People have total control over their accounts, including the state money, Minott said, and can roll over unused balances on the interest-bearing accounts from year to year.

Indiana chose Anthem to administer the newest option because the state already uses the insurer for two other plans.

"It was really just convenience to tack it on to our existing contract with Anthem," Minott said.

Big numbers forced state government to rejigger its coverage, dropping the popular M-Plan 1, which Minott described as a "rich benefit plan" with low overall costs to employees.

Indianapolis-based M-Plan reported this year that claims for that plan exceeded premiums by more than $10 million. That would have meant a premium hike of several thousand dollars per person. About 10,000 employees used M-Plan 1.

Indiana also discovered that its employees used their health care plans more than those in surrounding states.

"If that continues unchecked, we will not be able to afford-neither the state nor employee-the premiums associated with that kind of usage," Minott said.

High-deductible plans typically carry lower premiums.

The state also dropped HMOs from Lafayette's Arnett HealthSystem and Indianapolis-based Advantage Health Solutions Inc. Minott said those plans had low membership, and the state wanted to reduce its administrative load.

Proponents think HSAs make people spend more judiciously because health care costs aren't obscured by low co-pays.

"Right now, it's a theory because they're so new," said Paul Fronstin of Employee Benefit Research Institute, a Washington, D.C.-based agency that studies employee benefits and public policy. "Until we have enough data to see how people behave on the plans, we're just guessing."
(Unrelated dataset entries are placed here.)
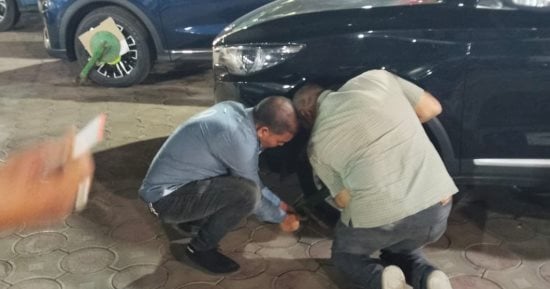 متعدية على حرم الطريق.. كلبشة سيارات معارض مخالفة خلال حملة مكبرة بحى العجوزة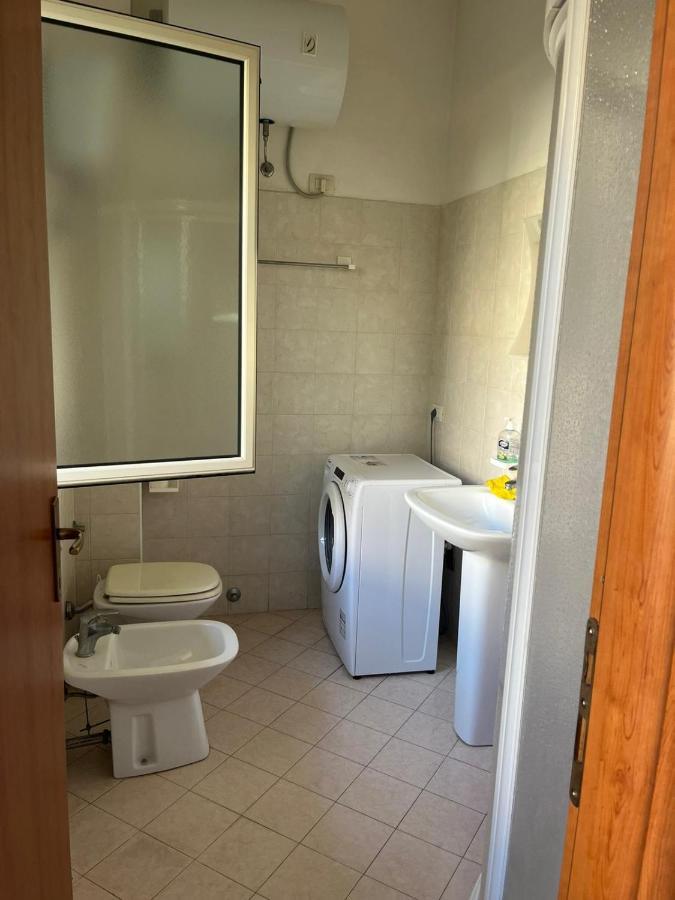 Appartamento Bilocale vista mare sul lungomare Siderno Esterno foto
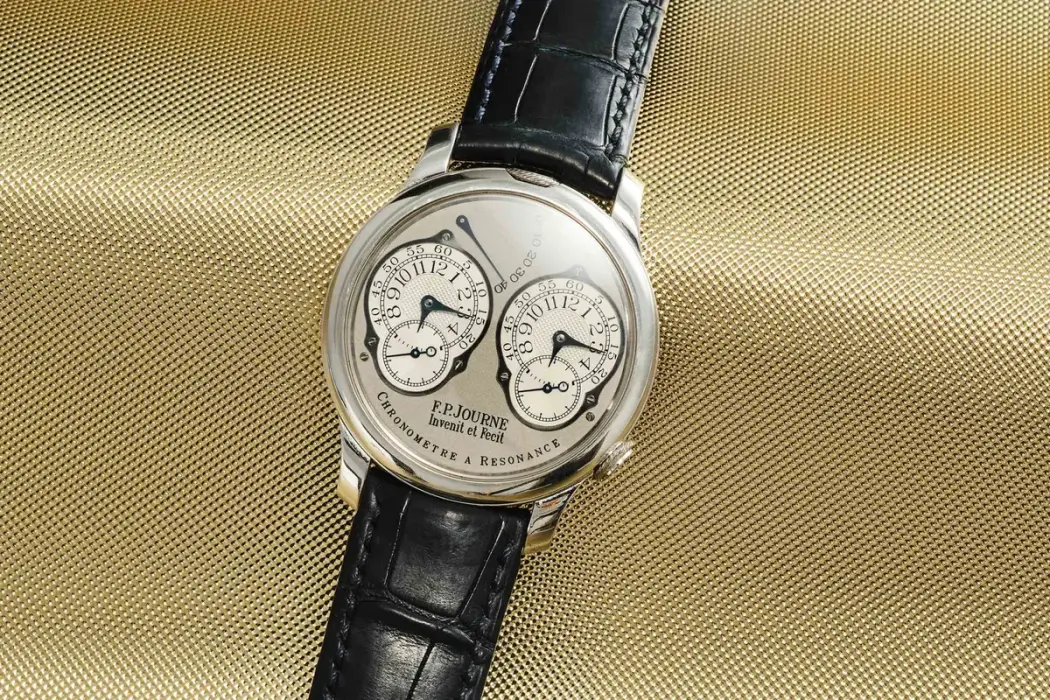 Chronomètre à Résonance của Francis Ford Coppola được bán với giá 584.200 USD tại Phillips vào tháng 12. Hình ảnh: Hannah Whitaker cho Bloomberg Businessweek 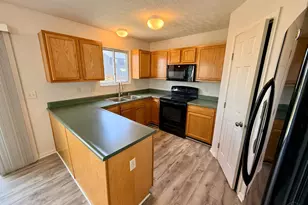 912 S 1st St, Trenton, OH 45067 - Photo 10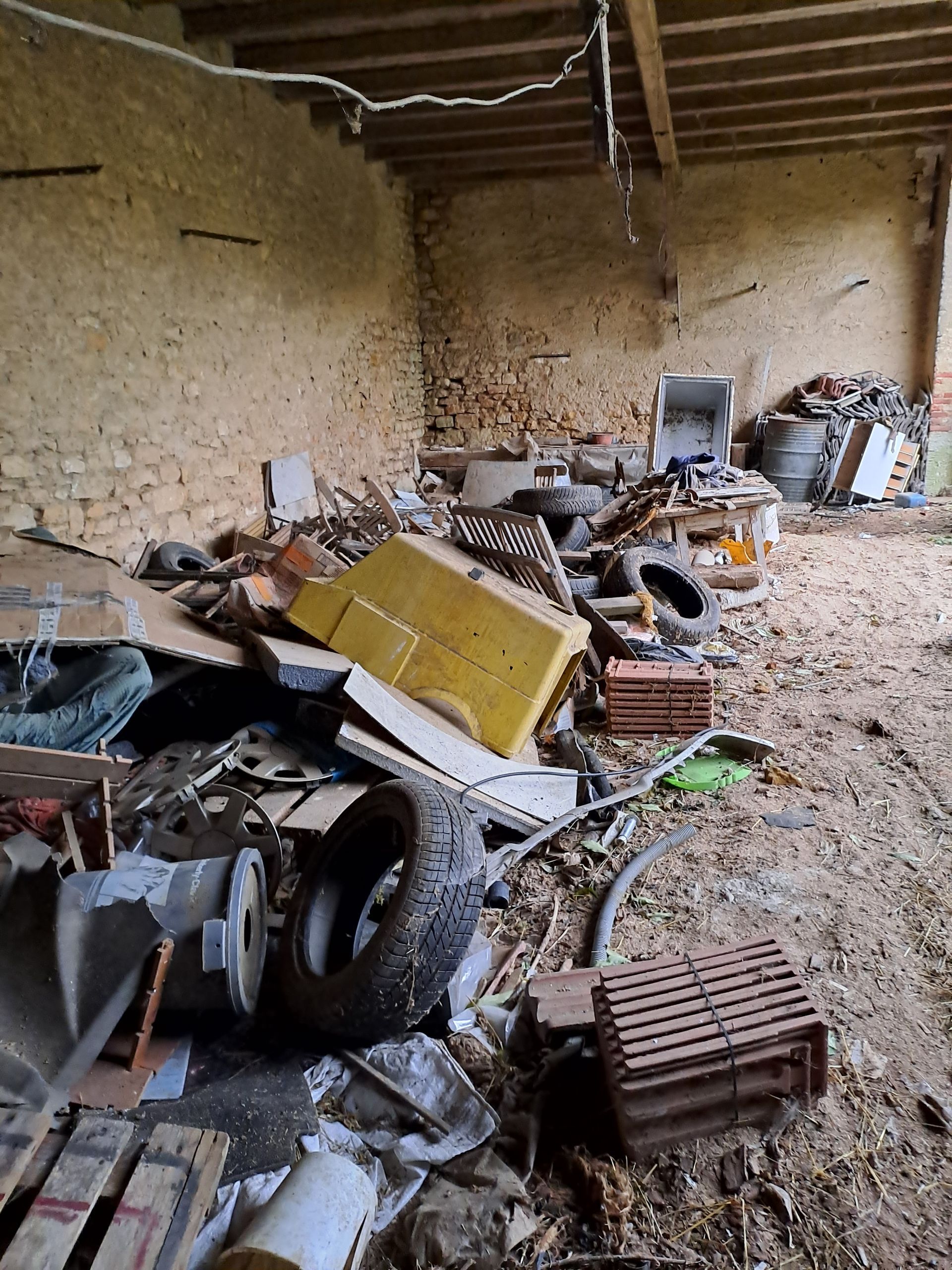 Grange pleine de détritus
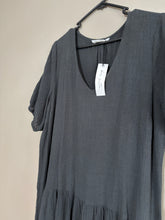 Load image into Gallery viewer, Dear Sutton Midi Dress BNWT (10-12)
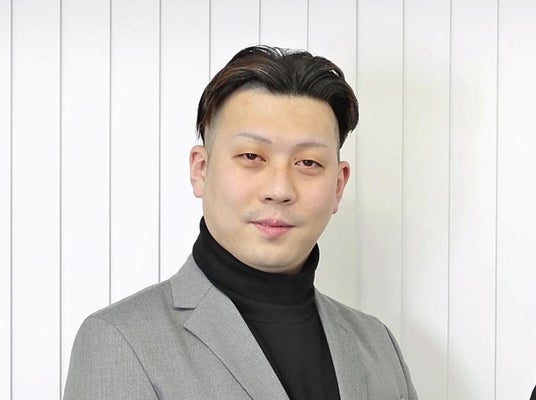 「顔は腫れ上がり、洋服は血だらけに」　歌舞伎界のサラブレッドの“凄絶DV”に新展開　妻が告白「1億円の借金があって慰謝料が払えないと言われて…」
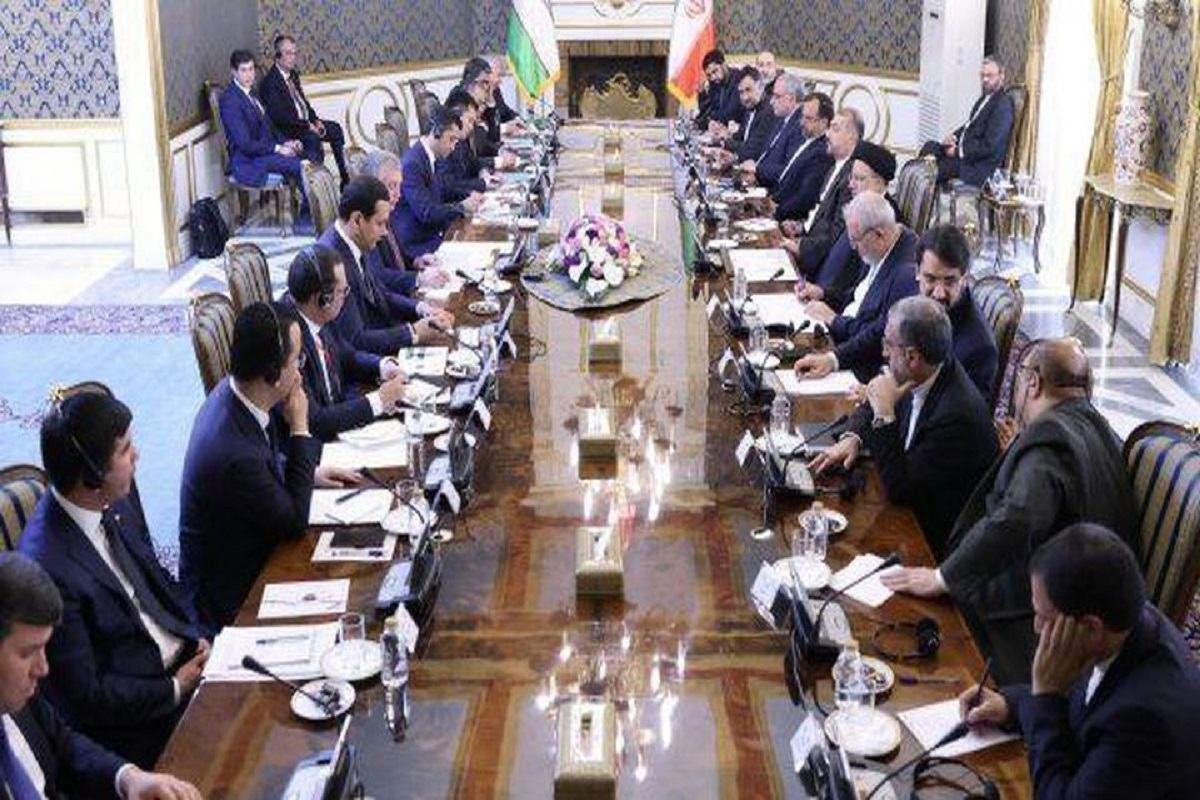 رئیسی: ایران مانعی برای گسترش روابط با همسایگان نمی‌بیند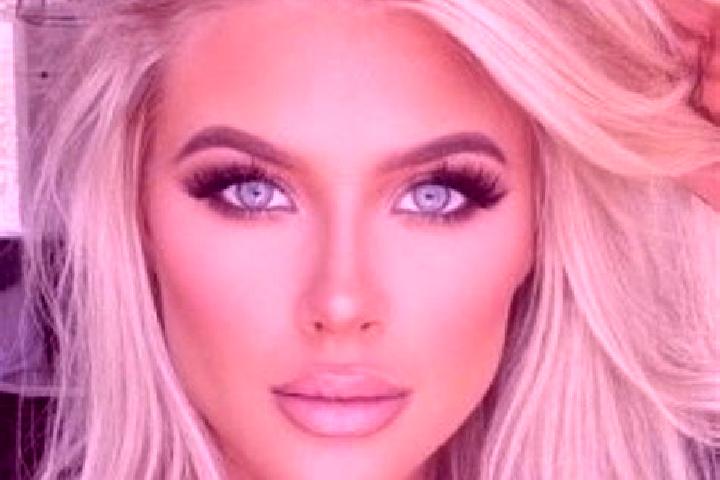 Aria, 32, a platinum blonde grey-eyed indian companion based in Balm. Offering BDSM, Girlfriend Experience, 69. Available for incall and outcall, overnight b...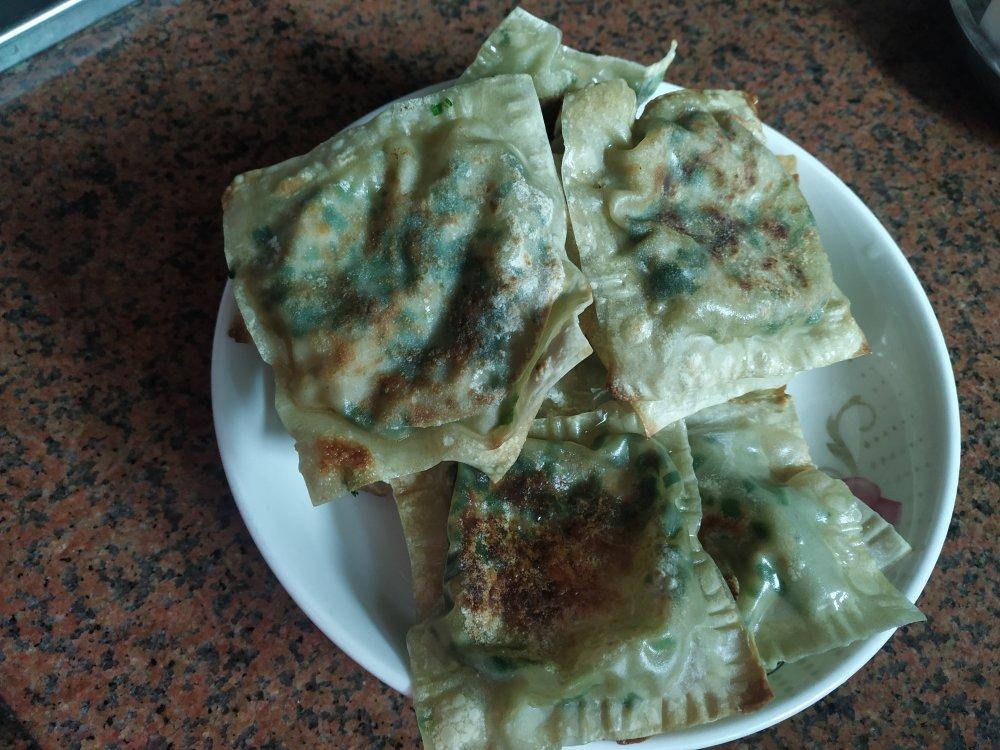 小馄饨皮版韭菜盒子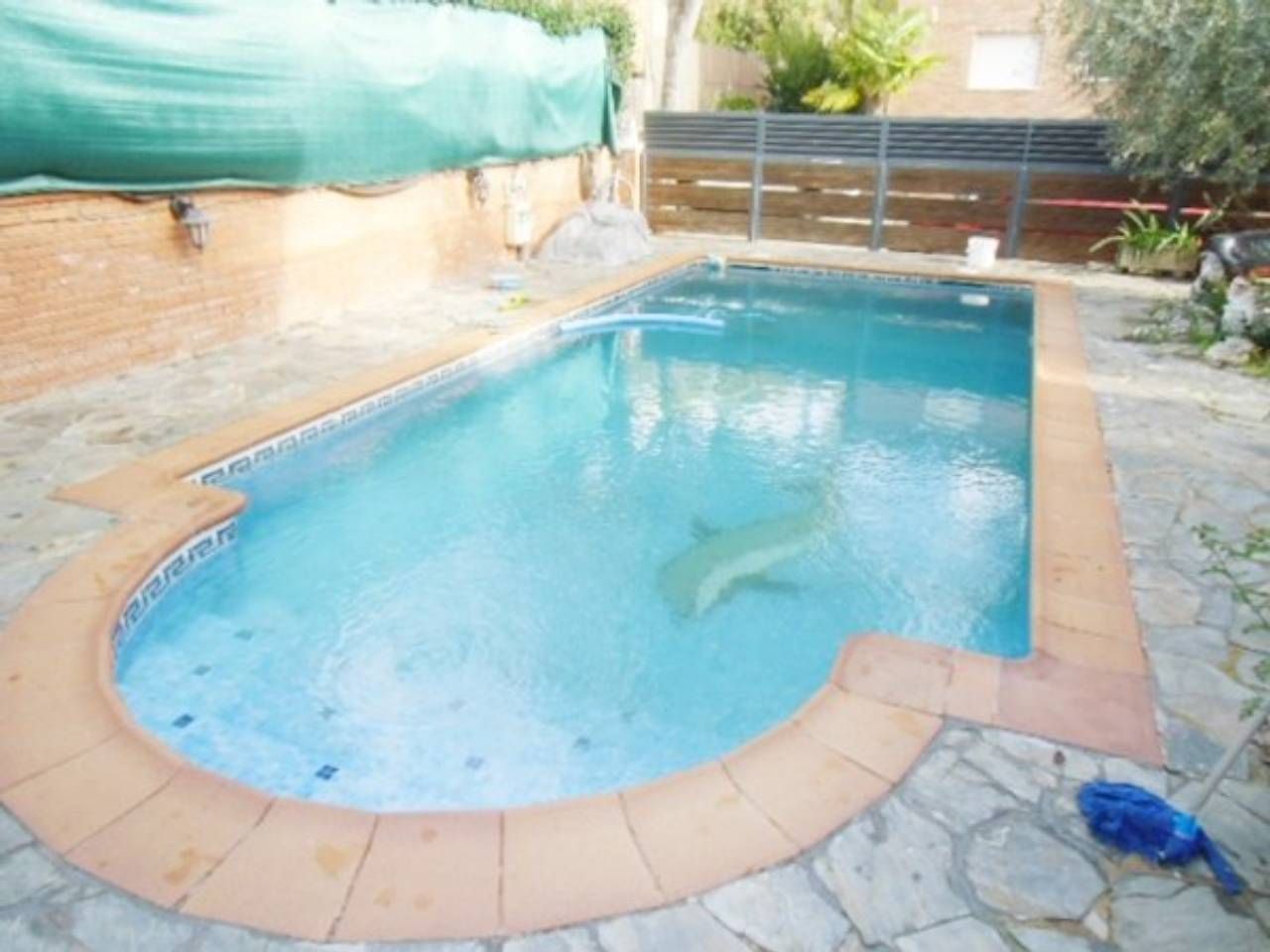 Piscina de Casa adosada en venda en Polinyà amb Aire condicionat, Calefacció i Jardí privat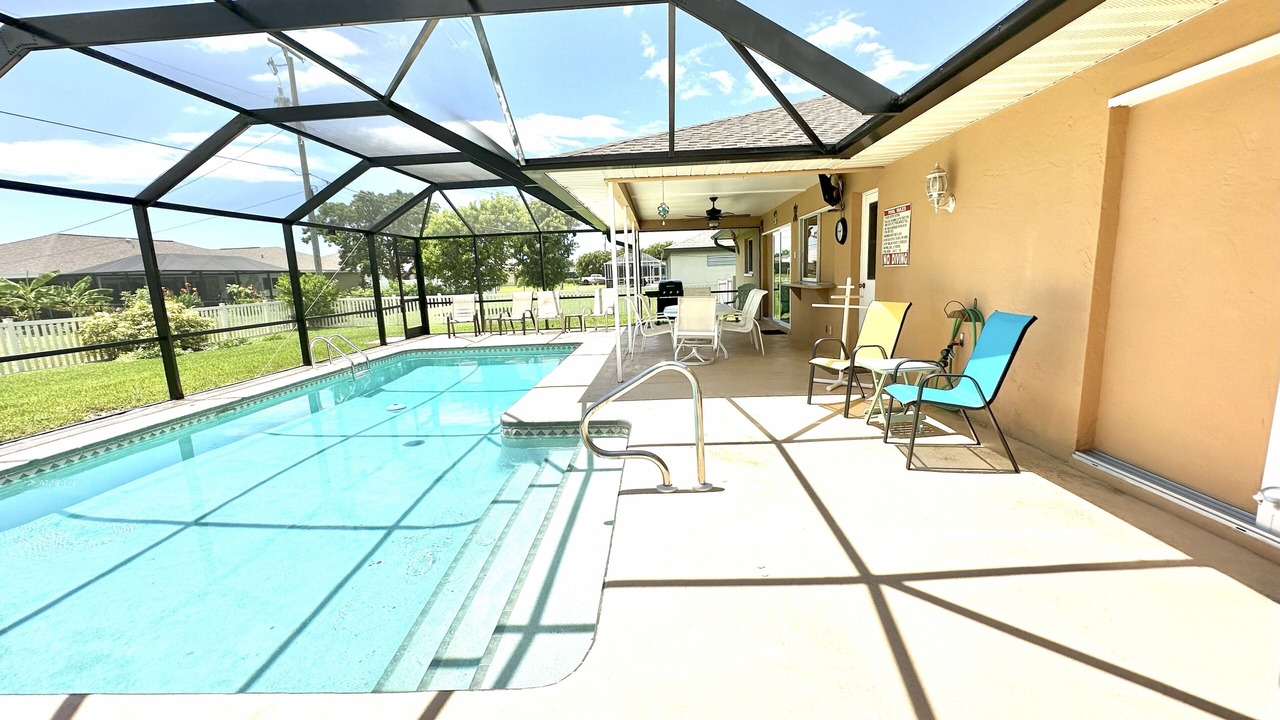 Photo of Outdoor in Pelican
Fronstin doubts the impact of these accounts, which started in 2004.

He noted that 20 percent of the U.S. population is responsible for 80 percent of health care spending. A high deductible will do little to change the habits of someone who already spends several thousand dollars on medical care.

"If you don't change the way that 20 percent uses health care, you're probably not going to put a dent in health care costs," he said.

Fronstin also noted that HSA opponents believe they represent a new way for employers to shift costs to employees.

Minott rejected that notion. She pointed out that the state will contribute to each account and also pay the entire premium for the high-deductible plan.

The state doesn't expect this new option to solve the problem of escalating costs, she said, but it's a step in the right direction.

Minott has modest goals for Anthem-ByDesign's debut. She said she expects no savings for Indiana next year but believes the program will plant seeds for new behavior "and ultimately, we think, lead to reduced claims costs in the future."

She'd like to see 5 percent to 10 percent of Indiana's employees sign up for the HSA-backed plan in 2006. That would provide the state with a good-size representation for evaluating how it works and what flaws need to be addressed.

Minott has at least one interested party in her corner. Indiana Gov. Mitch Daniels sent state employees an e-mail in September, touting the benefits of the new "innovative consumer-driven health care option" for 2006.

Daniels said he likes the new plan so much he'll use it to cover his family.